Wednesday, 28 February 2018

Cara Pandang "Numpak"

Numpak merupakan bahasa jawa dapat diartikan sebagai naik. Pendekatannya bisa kepada makhluk hidup, misalnya "numpak jaran, numpak kebo dsb". Bisa pula diikuti kata benda berupa alat transportasi mempunyai arti menggunakan. Kalau saya "numpak pit" berarti sedang menggunakan sepeda. Begitu juga kalau "numpak motor" berarti menggunakan motor dan seterusnya.

Cara pandang lebih meletakkan penilaian subyektif terhadap sesuatu yang ditangkap indera penglihatan. Proses selajutnya ditransformasikan ke dalam pikiran yang melahirkan respon, baik verbal atau tindakan. "Kuwi ming definisi ngawur sebagai wong awam" seperti saya ini. Sembari saya melanjutkan tulisan ini, saya memberi kesempatan bagi Anda agar berlapang dada, memaklumi atas keterbatasan pikiran saya dalam mendifinisikan sesuatu ruang lingkup serta penjabarannya.

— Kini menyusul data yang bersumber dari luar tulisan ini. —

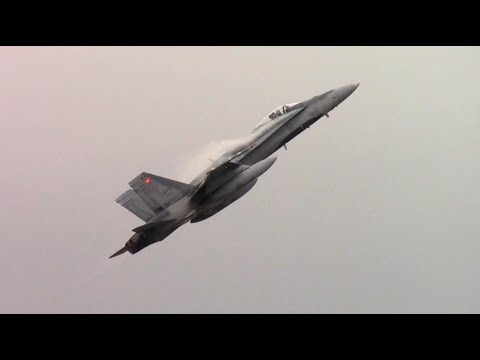 LEGACY RCAF HORNET 'BURNER FLYBYS - AIRSHOW LONDON 2023 (SEPT 9/23)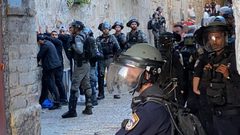 10 إصابات جراء اعتداء الاحتلال على المصلين لدى خروجهم من الأقصى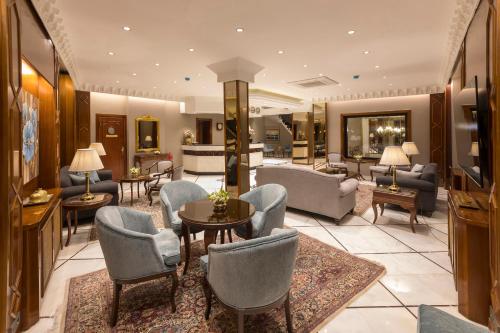 vestíbulo del hotel con sillas y sala de estar en Vardar Palace Hotel - Special Category, en Estambul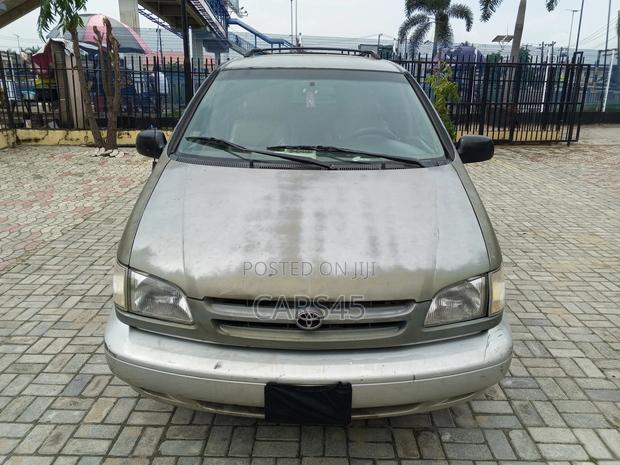 Toyota Sienna 1999 Green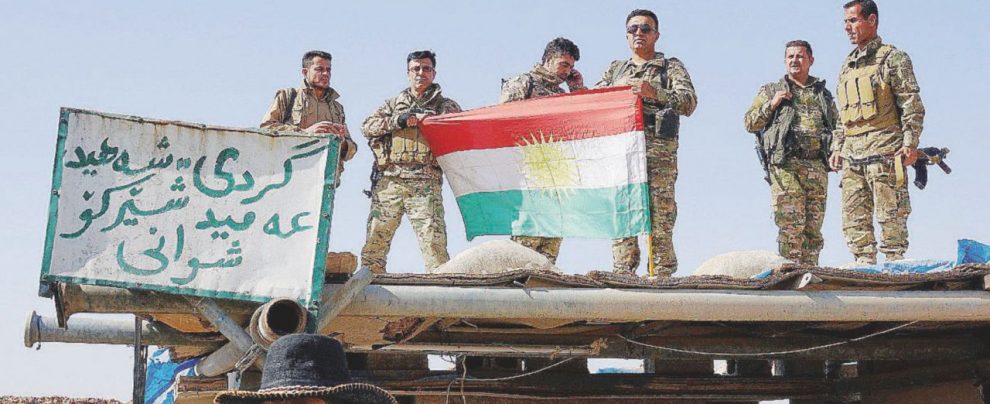 Kurdistan e i sogni dei Peshmerga - Uomini delle truppe curdo-irachene a Kirkuk, città petrolifera nella regione autonoma ripresa nei giorni scorsi dalle truppe di Baghdad - Ansa Il curdo utile è quello che muore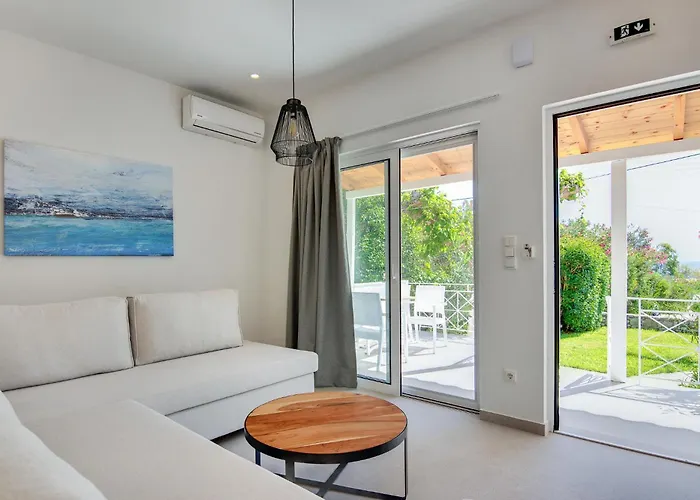 Aparthotel Peroulia Koróni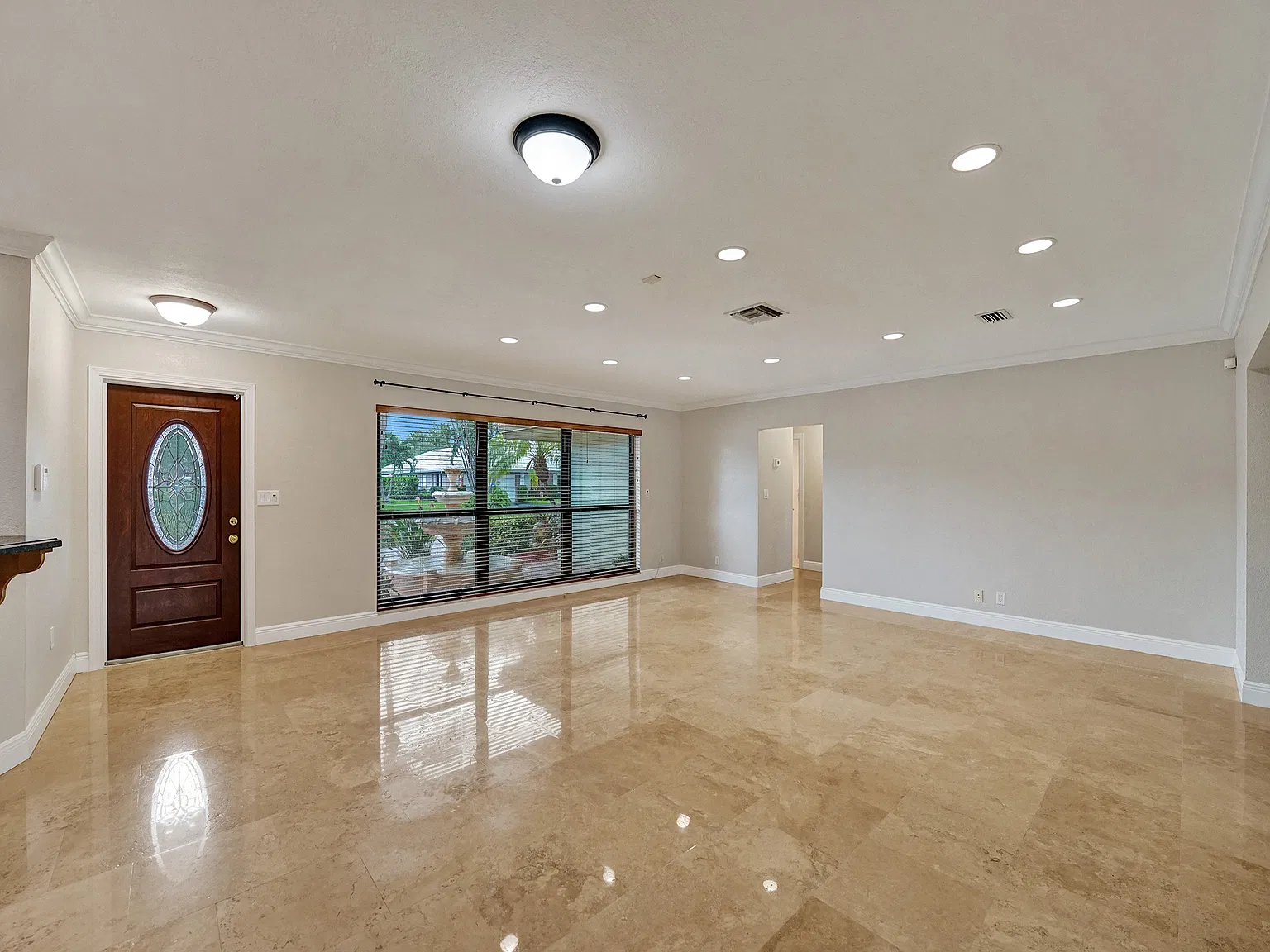 3 bed, 2.5 bath, 2106 sqft, $6,450 — Photo 4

Dalam pikiran manusia mempunyai 2 kesempatan menilai sesuatu dari sisi positif dan negatif. Beruntung jika seseorang mempunyai kemampuan berfikir keduanya. Adakalanya berfikir negatif memang perlu, karena dengan menyadari kita berfikir negatif sesegera mungkin kita berpindah untuk selalu berpikir positif.

Pengaruh cara berpikir ini, bisa dipengaruhi oleh suasana hati dalam diri seseorang. Makanya ada istilah dibawa perasaan (baper), ini membuktikan bahwa hal-hal sepele bisa dibesarkan karena perasaan. Orang yang ingin mengenali dirinya sendiri sedapat mungkin seseorang itu bisa mengendalikan diri dari hal yang dirasa agar tidak dimasak menjadi perasaan, semoga mudeng yang saya maksud.

Bukti contoh kebaperan yang diikuti cara pandang aktifitas seseorang adalah ketika istilah "numpak" diikuti dengan alat transportasi. Saya selalu bercermin ketika menggunakan alat transportasi apapun kecuali naik pesawat. Perkataan jujur saya, patut di pertaruhkan karena saya berbagi hal atas dasar apa yang saya lihat, apa yang saya alami dan apa yang saya rasakan

Ketika naik sepeda saya sering kali merasa jengkel kepada pengguna jalan lain baik motor ataupun mobil yang seenaknya nyalip kencang dari belakang. "Jane, pengin misuh, tapi kok wagu, lha wonge ora ngerungu semisal tak pisuhi karo juga yo ora patut.". Akhirnya hanya berhenti tarik nafas sejenak sembari gelengkan kepala. Banter-banternya, "Syem...kaged tenan jhe, mak lap!"

Begitu juga saat naik motor, meski sudah sangat berhati-hati di jalan tetap saja menimbulkan masalah. Jalan pantura yang sudah 2 jalur seakan masih kurang saat truk badan besarpun tak mau mengalah. Saling menyalip satu sama lain. Motor roda dua pun tersisih ngrusuk hingga bahu jalan. Biasanya pemandangan ini berubah pas musim hujan mirip iklan detergen. Ketika bus lewat siap-siap sepeda motor dihujani kubangan air disamping jalan, basah kuyup pasti.

Keadaan berbeda, saat saya kebeneran nebeng naik mobilnya teman. Saya melihat jelas kesembronoan pengguna roda dua nyalip motong jalan kemudian tiba-tiba berhenti di depan. Seakan pingin nimpuk mukanya pakai uang seratus ribuan. Belum lagi ketika mobil sudah memberikan lampu dim untuk memintan kesempatan menyeberang masih saja pengguna sepeda motor melaju dengan kencangnya. "Ah...betapa malangnya nasib Pak Sopir, sudah sesuai peraturan orang lain yang melanggar."

Dari situlah saya menikmati heterogenitas karakter manusia saat berkendara. Kenikmatan bercermin diri sendiri ketika di jalan raya. Minimal ketika naik sepeda harus siap konsekuensinya sebagai kaum minoritas di jalan. Esensi terakhir ketika naik motor saya tidak akan sembrono kepada pak sopir dan terakhir saya no komen bercermin harus menghormati siapa ketika naik pesawat.